NegreX Collective: The First Collective of Black Doctors in Brazil

Note from BW of Brazil: We’ve all seen the headlines and read the reports. In the United States, the coronavirus is having a devastating effect on the black community. A recent Reuters reports says that African-Americans are more likely to die of covid-19 than any other racial group in the United States. As the New Yorker says, the way the pandemic has played out, it has become “an object lesson in racial and class inequality.”
In Brazil, a recent spike in Covid-19 cases and deaths has raised concerns that the pandemic could actually take a much bigger toll on the country that was originally imagined. I’ll cover that in an upcoming article but even not knowing the full effects of the crisis at this point, what we can say as of right now is that, in Brazil, whites are more likely to contract coronavirus, but blacks are more likely to die from the disease.
I know that no one likes to discuss the racial elephant in the room, but it’s hard to ignore such data. Maybe there will be people who will react to the racial issue coming up in the discussion of the coronavirus crisis in the same way that they react to any other subject when race comes up, you know, ‘race has nothing to do with this’, ‘I don’t see race’, or ‘we’re all suffering equally’, but not acknowledging the racial disparities in this crisis or why they exist, in some way, also says that the well-being and lives of people who don’t look like ‘their kind’ really don’t matter. I know when I came across the data, I was definitely intrigued and puzzled by the normal question: why?

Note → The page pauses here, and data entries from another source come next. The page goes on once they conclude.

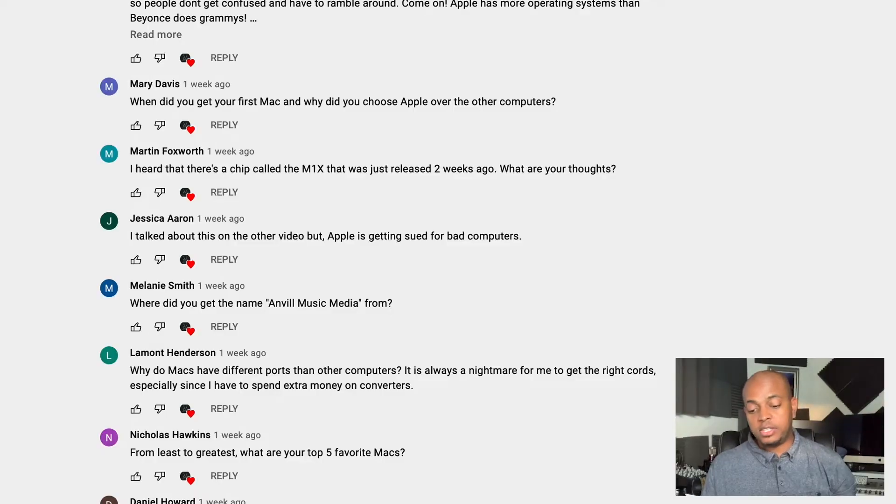Martin says: I heard there's a chip called the M1X that was just released two weeks ago. What are your thoughts? Martin, I'm late to the party when it comes to the latest and greatest — I like to sit back and survey how things play out with Apple's releases. The M1 is not personally for me because it's not upgradable. You can't upgrade the RAM, the operating system, or any hardware. I still prefer Intel Apple computers over Silicon Apple computers because with Intel, you can still upgrade your RAM — for example, on a 27-inch iMac.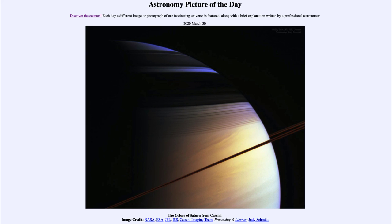So that was our picture of the day for March the 30th of 2020, titled 'The Colors of Saturn from Cassini.' We'll be back again tomorrow for the next picture, previewed to be Galaxy Center. We'll see what that is about tomorrow, and until then have a great day everyone — I will see you in class.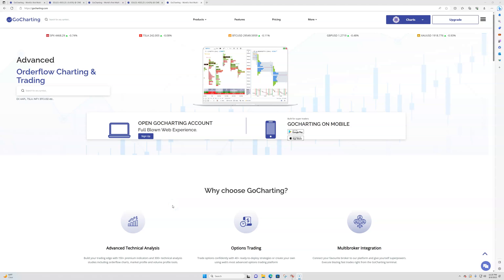Hey everyone, it's Mike from OrderFlows and welcome to this latest video on GoCharting with OrderFlowsTrader. Yesterday I made a video explaining that we now have the OrderFlowsTrader on the GoCharting platform, which is a web-based platform.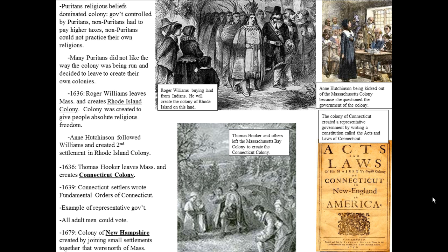Many Puritans didn't like the way the colony was being run and decided to leave to create their own colonies — some felt it was too relaxed, others felt it wasn't strict enough. In 1636, Roger Williams left Massachusetts Bay Colony and created the Rhode Island Colony. The colony was created to give people absolute religious freedom.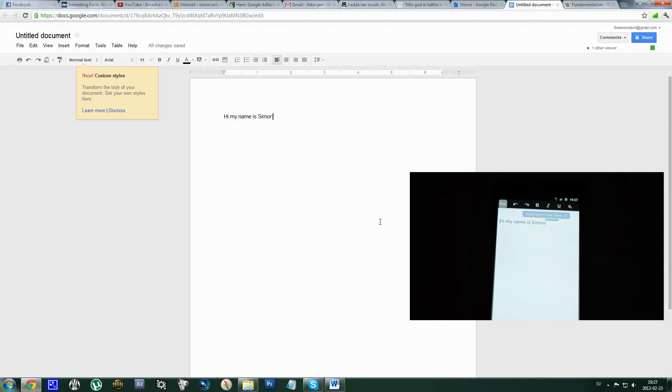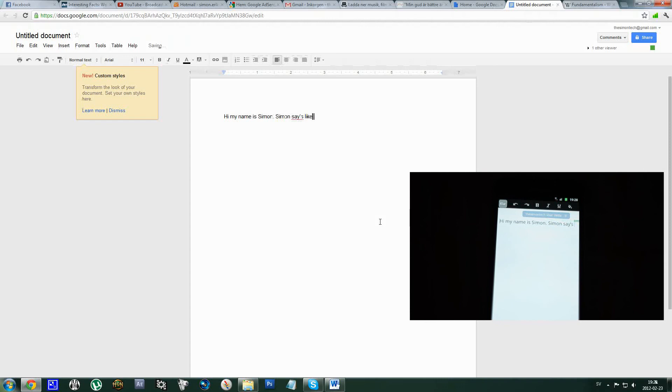So let's write something else. 'And I know Simon says like this video.' There you can see that it shows up on the Samsung Galaxy Note. So yeah, that's pretty much all I wanted to show you in this video. Bye.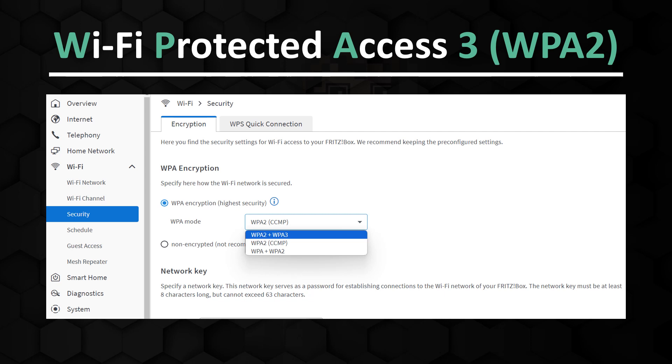From my point of view, WPA2 with CCMP is secure enough according to the current state of the art and practically impossible to hack — practically, not theoretically.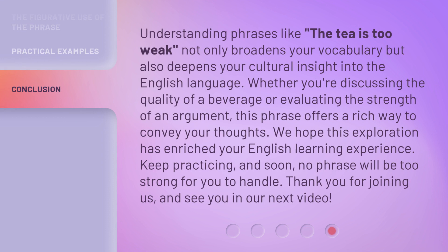Understanding phrases like 'the tea is too weak' not only broadens your vocabulary, but also deepens your cultural insight into the English language. Whether you're discussing the quality of a beverage or evaluating the strength of an argument, this phrase offers a rich way to convey your thoughts. We hope this exploration has enriched your English learning experience. Keep practicing, and soon, no phrase will be too strong for you to handle.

Dr. Rosane de Souza had some very interesting things to say on the topic of race and the Covid-19 pandemic. She is part of Brazil’s first collective of black doctors, which is worthy of the report in itself. Check out an interview with de Souza below.

NegreX Collective: The First Collective of Black Doctors in Brazil: Racism hinders efficient fight against coronavirus, says the doctor
By Antonio Junião
“They wouldn’t talk about economics if the disease didn’t kill more black people,” says Rosane de Souza, from Coletivo NegreX; for her, racial data on the pandemic is still insufficient
The dissemination of the first Epidemiological Bulletin of the Ministry of Health from a racial perspective of registered cases, hospitalizations, and deaths due to the new coronavirus in Brazil is an important first step for the analysis of the real impacts of the pandemic on the Brazilian population. But it is still far from sufficient. The accuracy of the information on race and color of people with Covid-19 comes up against structural problems in the fight against the pandemic as a whole in the country, especially the low rate of testing and the inefficient process of reporting cases of Severe Acute Respiratory Syndromes (SRAG), including Covid-19. And, in the specific case of the black population, the effective fight against the pandemic also comes up against structural racism in the country.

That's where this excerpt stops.